What themes are being overused? Vampires and zombies are everywhere, and now soft-core erotica is hot, but trends come and go. The challenge is to write something that will outlast the trends and stand up over time.

 

  • Do you see ebooks threatening traditional publishing? It’s just another option. Self-publishing is no more a threat than YouTube is to blockbuster theatrical releases. There are more options for audiences, but it’s also easier than ever to get a lot of content as well as create and distribute it.
  • Do you prefer to read established authors or debut authors? How do you choose which ones to read? I read a lot of newer, indie authors but in general I like the tried-and-true favorites.
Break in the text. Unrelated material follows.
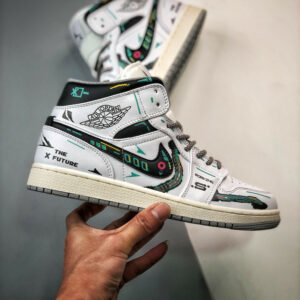 Custom Air Jordan 1 Mid The Future White Black For Sale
There is still something to be said for the quality of a traditionally published book–if nothing else, at least the author had to jump through competitive hoops to get attention, and publishers still employ editors.

 

  • Do you have a target each day? As a self-publisher, I am in the business of selling books. So I have both a job and an art. Writing is for fun, but I have to sell the books if I want to write more. So my life is a mix of creation and promotion. Fortunately, I enjoy all aspects of writing as an art and business.

 

  • After so many books, how do you keep them unique? Every book has its on life, its own season, its own arc–usually superimposed over whatever is happening in the writer’s own life and head during that time.

 

  • Do you remember the first time you saw your book in a shop? No. I never felt that sort of thrill, although I did enjoy opening the first box of printed books. By the time a book is published, it is usually long after the emotional act of creating it, and I’d rather focus on the work in progress.